As the end of the year approaches, clients may have questions for their financial advisors about making charitable donations as both a way of giving back to their community and to achieve tax savings.
“A lot of people now have a better idea of generally what their tax liability [for the year] will be,” said Jacqueline Power, assistant vice-president, tax and estate planning and distribution with Mackenzie Investments in Toronto. “Now, they are trying to figure out, ‘How much should we donate in an effort to be able to reduce that tax liability?’”
Individuals can claim a donation tax credit for donations to registered charities of up to 75% of the taxpayer’s income in a year. (In the year of a taxpayer’s death, and for the tax year before, the limit is 100%.)
The federal donation tax credit is 15% on the first $200 of donations and 29% (33% to the extent income exceeds $235,675 in 2023) on amounts above. The provinces and territories also offer donation tax credits at different rates for donations below and above the $200 threshold.
Depending on the jurisdiction, the total federal-provincial credit can represent more than half of the gift amount once total annual donations exceed $200 in a calendar year.
The deadline for making a charitable donation in order to claim a tax receipt for 2023 is December 31.
If a person donates publicly listed securities, they will receive a tax credit based on the value of the shares at that time they’re donated. In addition, any capital gain realized on the disposition of the shares will be free from tax, boosting the tax savings for the donor.
However, as a charity that receives an in-kind donation will need to arrange for the shares to be sold, clients looking to donate publicly listed securities should do so well before the end of the year.

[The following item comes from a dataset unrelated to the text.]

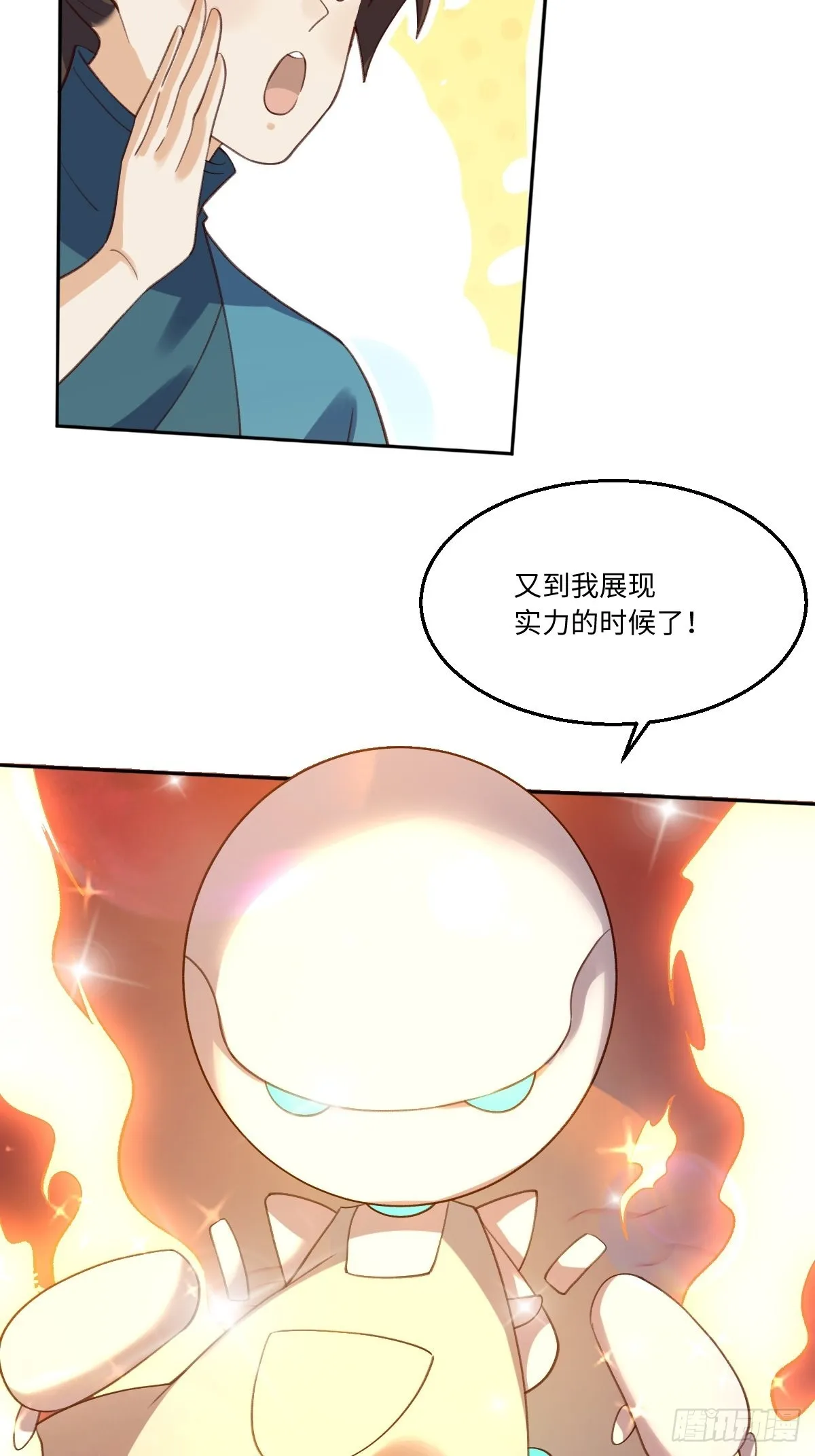 六十二话 第37页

“Sometimes people wait until the middle of December and hope that they’re going to be able to make that in-kind charitable donation and use that credit, and sometimes the timing is just a little too tight,” Power said.
In 2023, the last day to trade Canadian-listed stocks is Wednesday, Dec. 27. Trades executed on Dec. 28 and 29 will settle on Jan. 2 and 3, 2024, respectively.
Certain high-income clients looking to make a large donation might consider doing so before 2024, when the federal government’s proposed changes to the alternative minimum tax (AMT) are set to become effective, Power said.
Under the proposed revamped AMT, only half of the donation tax credit can be applied against the AMT, down from 100% under the current rules. Meanwhile, 30% of capital gains on the donation of publicly listed securities would be included in adjusted taxable income for the purposes of the AMT.
“If there are investors who are trying to decide, ‘Should I make an in-kind donation [this year], should I wait until next year?’, and AMT applies to them, it is likely better for them to make that donation in 2023,” Power said.
The federal government didn’t include proposed changes to the AMT when it tabled Bill C-59 in the House of Commons on Nov. 30. That bill included legislation to implement proposals from the 2023 federal budget and the fall economic statement.
In an email to Investment Executive, a spokesperson for the Department of Finance said the government is “committed to implementing the AMT reform” and is currently reviewing stakeholder commentary on the draft legislation to implement the changes.
Even though the government is unlikely to have legislation in place to implement the AMT by Jan. 1, it “may still have that as an effective date,” said Power in an email following the tabling of Bill C-59. Power said “it’s a guessing game” as to how the government might ultimately proceed.
“If [a client] is philanthropic and worried about the AMT changes and how they affect charitable giving, they may still want to make the donation before year end just to be on the safe side,” Power said.